Pitkin Marsh Lily (Lilium pardalinum ssp. pitkinense)

The beautiful and showy flowers of Lilium pardalinum ssp. pitkinense. Photo Credit: Holly Forbes
Description
  • Global Rank: T1 - Critically Imperiled
  • Legal Status: Federally Endangered
  • Family: Liliaceae
  • State: CA
  • Nature Serve ID: 143949
  • Date Inducted in National Collection: 04/01/1990

Only three populations of this beautiful lily have ever been discovered. The Fish and Wildlife Service listed the lily as Endangered in 1997, however it is afforded no legal protection as all three populations are on privately owned land. Listing under the Endangered Species Act (ESA) provides no legal protection to plants on private land. The owners of one property have denied researchers access to the population there since 1975. It is presumed that the plants still exist there, but there is no way of determining the number of individuals remaining. The second known site was nearly destroyed by development in 1960s, but approximately 200 plants remain. A major subdivision is planned in the surrounding area, but a "conservation easement" agreement between the California Department of Fish and Game and the landowner will help to preserve this population. At the third known site, where this had once been a common species, only two plants remain. This loss was due in part to wetland filling, but was primarily because of the removal of plants and bulbs for horticultural use. Owners of the latter two sites entered into voluntary protection agreements with The Nature Conservancy in 1989. The Sonoma County Department of Planning has designated both marshes as "critical habitat." This designation requires that any construction must be separated from the wetland boundaries by a minimum of 50 ft (15 m). Unfortunately, the requirement for a 50-ft setback can be waived if the setback would make the land unsuitable for construction.

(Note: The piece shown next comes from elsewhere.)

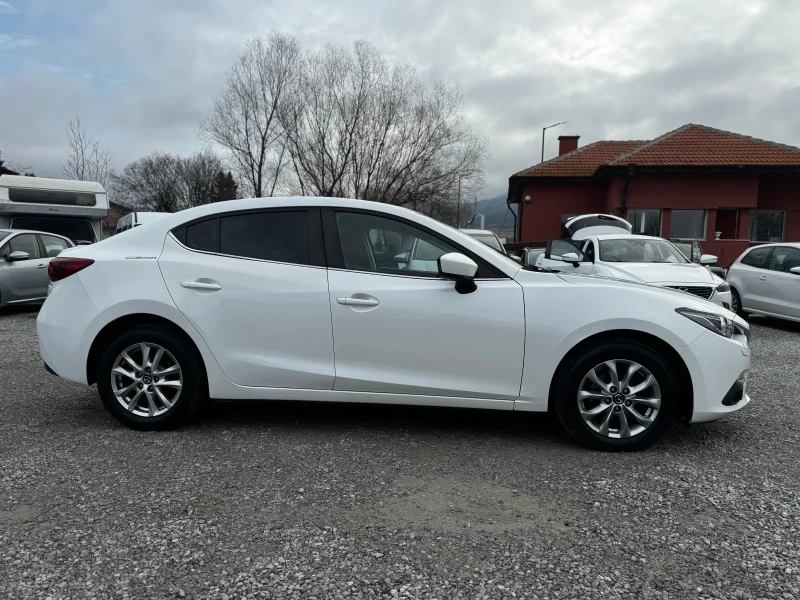 Mazda 3 2.2 SKYACTIV , снимка 8 - Автомобили и джипове - 52650583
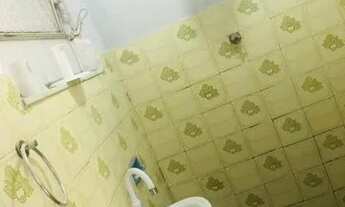 Imagem 7: Alugo kitinet c quintal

Participating Institutions
Updates
  • 09/18/2020
  • Reproductive Research

A comparison of the pollination ecology and floral evolution of several lilies from the Pacific Coast, including Lilium pardalinum ssp. pitkinense and Lilium occidentale (Skinner, 1988).

  • 09/01/2020
  • Orthodox Seed Banking

Based on an September 2020 extract of the California Plant Rescue Database, California Botanic Garden holds 1 accessions of Lilium pardalinum subsp. pitkinense in orthodox seed collection. There are as many as 527 seeds of this species in their collection - although some may have been used for curation testing or sent to back up.

  • 09/01/2020
  • Orthodox Seed Banking

Based on an September 2020 extract of the California Plant Rescue Database, Rae Selling Berry Seed Bank & Plant Conservation Program holds 1 accessions of Lilium pardalinum subsp. pitkinense in orthodox seed collection. There are as many as 128 seeds of this species in their collection - although some may have been used for curation testing or sent to back up.

  • 08/05/2020
  • Seed Collection

Based on an August 2020 extract of the California Plant Rescue Database, Rae Selling Berry Seed Bank & Plant Conservation Program has collected 1 seed accessions of Lilium pardalinum subsp. pitkinense from 1 plant occurrences listed in the California Natural Diversity Database. These collections together emcompass 25 maternal plants

  • 08/05/2020
  • Seed Collection

Based on an August 2020 extract of the California Plant Rescue Database, California Native Plant Society has collected 1 seed accessions of Lilium pardalinum subsp. pitkinense from 1 plant occurrences listed in the California Natural Diversity Database. These collections together emcompass 35 maternal plants

Nature Serve Biotics
  • 05/02/2017

Known from only 3 populations in Sonoma County, California (at 35-120 meters elevation), which are presumed extant, but botanists have been denied access to one site for the past 20 years. The other 2 sites have a total of 200 plants. The subspecies was once locally abundant; the populations have been reduced by loss of habitat to urbanization and by collection for horticulture (it is now cultivated). The subspecies also continues to be threatened by grazing and competition from non-native species.

Edward Guerrant, Ph.D.
  • 01/01/2010

Collection of plants, seeds, and bulbs for Horticultural purposes (U.S. Fish and Wildlife Service, 1995). Habitat loss due to urbanization (U.S. Fish and Wildlife Service, 1995). Competition from invasive species, including blackberries (U.S. Fish an

Edward Guerrant, Ph.D.
  • 01/01/2010

As of 1995: 3 Populations. One population with unknown numbers of plants (the property owners have denied access to search for the plant). One population with approximately 200 plants. One population with approximately 2 plants (in 1996) (U.S. Fish and Wildlife Service, 1995; California Natural Diversity Data Base).

Edward Guerrant, Ph.D.
  • 01/01/2010

A comparison of the pollination ecology and floral evolution of several lilies from the Pacific Coast, including Lilium pardalinum ssp. pitkinense and Lilium occidentale (Skinner, 1988).

Edward Guerrant, Ph.D.
  • 01/01/2010

Seeds from largest population collected and stored at The Berry Botanic Garden. A recovery plan is being developed. The Nature Conservancy and the California Conservation Corps have built and maintained cattle exclosures at two sites (U.S. Fish and Wildlife Service, 1995). Listed as Endangered by the U.S. Fish and Wildlife Service in 1997 (U.S. Fish and Wildlife Service, 1997).

Edward Guerrant, Ph.D.
  • 01/01/2010

Restrict access to discourage collection of plant material. Place sturdy fencing around all emerged plants to decrease loss due to grazing. Study genetic diversity within and between known populations. Reintroduce plants in suitable habitat.

Edward Guerrant, Ph.D.
  • 01/01/2010

Determine germination protocols. Determine propagation and reintroduction protocols.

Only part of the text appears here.